Holocaust-Überlebende Friedländer sorgt sich um Deutschland

"Das Judentum muss bestehen"

Besonders die AfD bekomme zu viel Aufmerksamkeit beklagt Margot Friedländer. Die Holocaust-Überlebende sorgt sich um die politische Lage in Deutschland sowie um eine Zersplitterung der jüdischen Religion. 

Jüdisches Leben in Deutschland / © Maksym Halinskyi (shutterstock)
Jüdisches Leben in Deutschland / © Maksym Halinskyi ( shutterstock )

Margot Friedländer (99), Holocaust-Überlebende, ist besorgt über die politische Lage in Deutschland. Insbesondere erfahre die AfD zu viel Aufmerksamkeit. "Auch viele Journalisten tun das. Es ist nicht gut. Es ist zu viel in den Ohren der Menschen", sagte sie im Interview der "Welt am Sonntag".

Engagement vor allem in Schulen

Friedländer, die am 5. November 1921 in Berlin geboren wurde, das KZ Theresienstadt überlebte, nach dem Krieg in die USA auswanderte und erst 2003 erstmals wieder in ihre Heimatstadt zurückkehrte, bezeichnete die Entscheidung, wieder ganz nach Berlin zurückzukehren, als glücklichsten Moment in ihrem Leben. Sie habe diese Zugehörigkeit gespürt, weil sie sich selbst erlaubt habe, in Deutschland als Deutsche zu leben.

Friedländer engagiert sich unermüdlich gegen Antisemitismus, vor allem bei Schülern. Man sollte in den Schulen immer wieder darüber sprechen, "was es bedeutet, sich menschlich zu benehmen", sagte sie. Schon junge Schüler verachteten Mitschüler, weil sie anders seien als sie selbst.

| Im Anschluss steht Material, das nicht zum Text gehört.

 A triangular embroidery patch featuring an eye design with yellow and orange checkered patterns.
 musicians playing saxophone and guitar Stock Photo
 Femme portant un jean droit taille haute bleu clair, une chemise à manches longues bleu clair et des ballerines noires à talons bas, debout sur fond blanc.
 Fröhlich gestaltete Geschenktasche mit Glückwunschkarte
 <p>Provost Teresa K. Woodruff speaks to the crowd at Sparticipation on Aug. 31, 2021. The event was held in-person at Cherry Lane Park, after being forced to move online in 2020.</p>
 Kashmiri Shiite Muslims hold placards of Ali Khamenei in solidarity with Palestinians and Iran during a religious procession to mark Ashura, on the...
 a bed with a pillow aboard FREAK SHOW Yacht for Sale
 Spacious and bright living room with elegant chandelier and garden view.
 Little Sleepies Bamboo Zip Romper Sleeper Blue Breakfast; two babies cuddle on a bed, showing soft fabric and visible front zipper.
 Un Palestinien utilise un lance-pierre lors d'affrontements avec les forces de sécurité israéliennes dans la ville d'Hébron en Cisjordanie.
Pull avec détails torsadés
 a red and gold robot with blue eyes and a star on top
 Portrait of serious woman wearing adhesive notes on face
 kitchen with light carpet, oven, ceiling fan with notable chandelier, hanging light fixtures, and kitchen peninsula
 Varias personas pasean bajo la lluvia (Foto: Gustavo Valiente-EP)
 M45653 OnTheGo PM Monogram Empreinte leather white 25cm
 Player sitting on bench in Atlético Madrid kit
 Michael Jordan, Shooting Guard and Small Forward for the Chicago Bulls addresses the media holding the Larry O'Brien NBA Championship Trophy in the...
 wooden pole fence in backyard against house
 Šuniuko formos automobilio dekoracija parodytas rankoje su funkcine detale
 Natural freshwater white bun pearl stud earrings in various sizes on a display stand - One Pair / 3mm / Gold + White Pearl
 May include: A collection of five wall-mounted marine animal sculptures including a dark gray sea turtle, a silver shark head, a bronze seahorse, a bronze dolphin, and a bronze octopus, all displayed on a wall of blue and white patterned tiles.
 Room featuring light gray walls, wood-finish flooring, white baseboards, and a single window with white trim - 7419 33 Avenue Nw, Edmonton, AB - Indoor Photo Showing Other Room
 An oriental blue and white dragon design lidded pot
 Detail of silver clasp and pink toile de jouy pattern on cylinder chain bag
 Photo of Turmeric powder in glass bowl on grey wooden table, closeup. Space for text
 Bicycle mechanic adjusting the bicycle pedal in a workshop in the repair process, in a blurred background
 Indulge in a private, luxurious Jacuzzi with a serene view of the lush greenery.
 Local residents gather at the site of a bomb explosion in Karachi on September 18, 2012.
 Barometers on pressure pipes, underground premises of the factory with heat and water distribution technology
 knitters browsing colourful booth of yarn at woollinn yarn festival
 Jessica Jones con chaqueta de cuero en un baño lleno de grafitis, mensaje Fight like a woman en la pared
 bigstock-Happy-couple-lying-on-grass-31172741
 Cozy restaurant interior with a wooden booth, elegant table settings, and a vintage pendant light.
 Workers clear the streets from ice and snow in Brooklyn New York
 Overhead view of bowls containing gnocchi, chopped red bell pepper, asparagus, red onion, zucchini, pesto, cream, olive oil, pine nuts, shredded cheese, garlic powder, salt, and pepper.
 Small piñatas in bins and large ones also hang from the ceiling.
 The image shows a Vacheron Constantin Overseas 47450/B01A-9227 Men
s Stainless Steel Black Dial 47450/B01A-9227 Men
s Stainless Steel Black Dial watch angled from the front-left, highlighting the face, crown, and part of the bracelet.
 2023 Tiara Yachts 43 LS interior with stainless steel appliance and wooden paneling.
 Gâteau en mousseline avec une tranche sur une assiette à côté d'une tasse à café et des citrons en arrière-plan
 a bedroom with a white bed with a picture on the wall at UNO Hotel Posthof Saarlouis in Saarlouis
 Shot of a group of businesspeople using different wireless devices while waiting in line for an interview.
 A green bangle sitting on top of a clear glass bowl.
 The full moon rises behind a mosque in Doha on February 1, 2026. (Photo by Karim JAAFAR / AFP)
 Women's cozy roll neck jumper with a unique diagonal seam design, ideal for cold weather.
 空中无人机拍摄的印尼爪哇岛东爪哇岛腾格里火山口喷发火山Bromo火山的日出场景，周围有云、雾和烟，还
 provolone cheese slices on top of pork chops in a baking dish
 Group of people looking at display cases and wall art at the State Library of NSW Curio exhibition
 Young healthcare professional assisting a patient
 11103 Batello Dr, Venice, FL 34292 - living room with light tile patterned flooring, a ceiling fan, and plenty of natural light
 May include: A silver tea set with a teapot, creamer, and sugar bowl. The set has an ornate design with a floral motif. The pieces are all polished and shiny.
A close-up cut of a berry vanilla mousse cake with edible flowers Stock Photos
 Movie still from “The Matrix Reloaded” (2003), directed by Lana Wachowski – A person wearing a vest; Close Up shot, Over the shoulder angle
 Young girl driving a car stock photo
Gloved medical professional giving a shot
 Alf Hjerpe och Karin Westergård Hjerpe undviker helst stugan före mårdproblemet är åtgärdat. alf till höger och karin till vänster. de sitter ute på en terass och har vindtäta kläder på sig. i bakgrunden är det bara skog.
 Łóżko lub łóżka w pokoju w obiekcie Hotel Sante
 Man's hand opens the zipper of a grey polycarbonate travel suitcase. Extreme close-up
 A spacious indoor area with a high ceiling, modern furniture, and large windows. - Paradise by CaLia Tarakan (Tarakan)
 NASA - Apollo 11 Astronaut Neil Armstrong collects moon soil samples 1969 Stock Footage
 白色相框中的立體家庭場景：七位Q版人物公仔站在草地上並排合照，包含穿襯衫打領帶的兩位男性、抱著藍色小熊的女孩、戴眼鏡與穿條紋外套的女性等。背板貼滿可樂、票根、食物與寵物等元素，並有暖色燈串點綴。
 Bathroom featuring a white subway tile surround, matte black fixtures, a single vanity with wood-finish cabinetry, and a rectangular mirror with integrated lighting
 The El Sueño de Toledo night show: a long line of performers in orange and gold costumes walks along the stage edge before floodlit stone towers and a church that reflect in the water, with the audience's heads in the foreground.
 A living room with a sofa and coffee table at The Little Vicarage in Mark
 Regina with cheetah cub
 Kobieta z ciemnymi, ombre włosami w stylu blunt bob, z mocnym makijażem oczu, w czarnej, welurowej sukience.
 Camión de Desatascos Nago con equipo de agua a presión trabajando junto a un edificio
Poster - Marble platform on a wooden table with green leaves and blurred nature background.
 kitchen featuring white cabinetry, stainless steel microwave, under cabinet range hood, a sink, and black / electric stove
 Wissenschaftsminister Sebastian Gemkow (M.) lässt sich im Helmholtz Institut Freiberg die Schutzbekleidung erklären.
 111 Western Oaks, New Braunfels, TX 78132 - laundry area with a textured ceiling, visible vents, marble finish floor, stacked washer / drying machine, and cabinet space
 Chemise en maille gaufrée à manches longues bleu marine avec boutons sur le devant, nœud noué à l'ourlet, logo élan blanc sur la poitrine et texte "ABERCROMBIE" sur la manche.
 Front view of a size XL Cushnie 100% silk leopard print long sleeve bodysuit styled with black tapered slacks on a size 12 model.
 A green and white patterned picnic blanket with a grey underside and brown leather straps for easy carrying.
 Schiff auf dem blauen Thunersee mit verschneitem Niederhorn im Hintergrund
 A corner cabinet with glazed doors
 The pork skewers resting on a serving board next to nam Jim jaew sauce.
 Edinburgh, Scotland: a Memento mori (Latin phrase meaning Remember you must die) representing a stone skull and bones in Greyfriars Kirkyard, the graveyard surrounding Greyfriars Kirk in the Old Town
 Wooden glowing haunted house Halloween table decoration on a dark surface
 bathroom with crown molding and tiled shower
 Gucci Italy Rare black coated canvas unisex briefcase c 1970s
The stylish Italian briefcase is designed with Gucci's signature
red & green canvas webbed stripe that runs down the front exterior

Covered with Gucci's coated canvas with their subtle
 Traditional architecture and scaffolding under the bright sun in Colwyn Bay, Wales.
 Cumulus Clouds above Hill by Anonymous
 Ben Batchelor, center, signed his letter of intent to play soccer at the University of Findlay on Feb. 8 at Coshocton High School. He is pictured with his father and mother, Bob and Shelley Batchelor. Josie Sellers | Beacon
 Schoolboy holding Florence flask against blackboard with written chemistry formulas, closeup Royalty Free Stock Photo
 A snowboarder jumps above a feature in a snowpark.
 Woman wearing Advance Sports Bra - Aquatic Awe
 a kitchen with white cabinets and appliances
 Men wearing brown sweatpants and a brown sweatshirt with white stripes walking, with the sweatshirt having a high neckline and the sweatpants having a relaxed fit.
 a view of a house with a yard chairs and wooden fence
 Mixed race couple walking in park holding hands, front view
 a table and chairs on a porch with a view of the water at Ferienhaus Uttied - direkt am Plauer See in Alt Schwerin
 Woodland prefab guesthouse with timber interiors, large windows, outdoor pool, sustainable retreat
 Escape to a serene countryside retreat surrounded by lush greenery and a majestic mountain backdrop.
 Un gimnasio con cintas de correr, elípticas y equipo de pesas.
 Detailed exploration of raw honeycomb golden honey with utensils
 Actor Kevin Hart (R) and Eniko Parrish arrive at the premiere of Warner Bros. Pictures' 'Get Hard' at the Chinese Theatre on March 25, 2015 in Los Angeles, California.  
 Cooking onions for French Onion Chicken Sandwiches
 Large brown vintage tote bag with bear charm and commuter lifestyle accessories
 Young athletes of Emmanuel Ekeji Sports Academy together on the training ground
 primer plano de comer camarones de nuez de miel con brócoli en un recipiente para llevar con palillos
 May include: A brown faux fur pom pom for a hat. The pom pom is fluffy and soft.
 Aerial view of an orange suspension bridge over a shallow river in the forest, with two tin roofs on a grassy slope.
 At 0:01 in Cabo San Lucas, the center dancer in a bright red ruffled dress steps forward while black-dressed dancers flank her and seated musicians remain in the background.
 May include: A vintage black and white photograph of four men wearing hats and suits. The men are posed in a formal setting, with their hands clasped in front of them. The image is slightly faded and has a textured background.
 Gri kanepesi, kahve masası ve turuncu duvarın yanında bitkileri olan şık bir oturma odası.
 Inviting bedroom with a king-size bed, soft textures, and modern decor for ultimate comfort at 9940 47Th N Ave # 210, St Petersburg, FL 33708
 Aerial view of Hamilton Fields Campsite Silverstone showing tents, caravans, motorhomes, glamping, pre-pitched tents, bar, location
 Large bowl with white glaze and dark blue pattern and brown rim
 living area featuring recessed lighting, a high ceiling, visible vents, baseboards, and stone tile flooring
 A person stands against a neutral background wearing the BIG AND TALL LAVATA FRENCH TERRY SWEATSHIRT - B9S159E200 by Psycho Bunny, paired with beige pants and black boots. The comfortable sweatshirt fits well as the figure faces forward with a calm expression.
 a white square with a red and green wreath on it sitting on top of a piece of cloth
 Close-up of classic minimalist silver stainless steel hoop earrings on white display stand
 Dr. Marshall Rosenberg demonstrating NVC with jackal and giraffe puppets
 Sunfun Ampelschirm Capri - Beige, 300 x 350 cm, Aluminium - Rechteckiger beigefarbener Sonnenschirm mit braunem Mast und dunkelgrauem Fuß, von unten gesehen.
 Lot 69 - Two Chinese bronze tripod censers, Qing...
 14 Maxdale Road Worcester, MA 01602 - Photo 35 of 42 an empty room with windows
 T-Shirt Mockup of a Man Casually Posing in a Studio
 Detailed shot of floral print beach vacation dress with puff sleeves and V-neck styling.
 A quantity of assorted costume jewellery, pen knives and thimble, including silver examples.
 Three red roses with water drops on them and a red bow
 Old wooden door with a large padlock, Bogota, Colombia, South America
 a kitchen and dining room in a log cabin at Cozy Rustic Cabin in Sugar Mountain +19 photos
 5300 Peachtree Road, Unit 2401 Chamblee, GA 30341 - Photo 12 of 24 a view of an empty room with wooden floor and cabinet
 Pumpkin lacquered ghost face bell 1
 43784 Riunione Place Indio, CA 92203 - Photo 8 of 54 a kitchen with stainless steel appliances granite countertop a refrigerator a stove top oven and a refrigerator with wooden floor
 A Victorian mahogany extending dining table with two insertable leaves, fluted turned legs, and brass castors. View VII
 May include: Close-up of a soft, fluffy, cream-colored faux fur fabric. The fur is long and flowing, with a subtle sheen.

Die 99-Jährige beklagte zugleich eine Zersplitterung der jüdischen Religion. "Das Judentum muss bestehen", sagte sie. Sie selber könne aber die Orthodoxie absolut nicht verstehen. "Es passt nicht in die Zeit."

Ausstellung "Unter dem Trauhimmel" im Berliner Centrum Judaicum

Unterdessen ist am Sonntag im Berliner Centrum Judaicum die Ausstellung "Unter dem Trauhimmel - Heiraten im Jüdischen Berlin" eröffnet worden. Im Mittelpunkt stehen jüdische Hochzeitsbräuche und -riten der vergangenen 150 Jahre. Zu sehen sind unter anderem
zahlreiche Fotos und weitere Dokumente, überwiegend aus eigenem Bestand. Am Beispiel der Lebensgeschichten von Hochzeitspaaren werden Einzelheiten des jüdischen Rituals beleuchtet. Das kostbarste Exponat ist ein prächtiger Hochzeitsbaldachin (hebräisch: Chuppa) aus der zerstörten Synagoge in der Prinzregentenstraße in Berlin-Wilmersdorf. Er wurde gerettet und stehe für die Katastrophe der Schoah ebenso wie für den zaghaften Neuanfang und die Kontinuität jüdischen Lebens in Berlins Mitte, hieß es.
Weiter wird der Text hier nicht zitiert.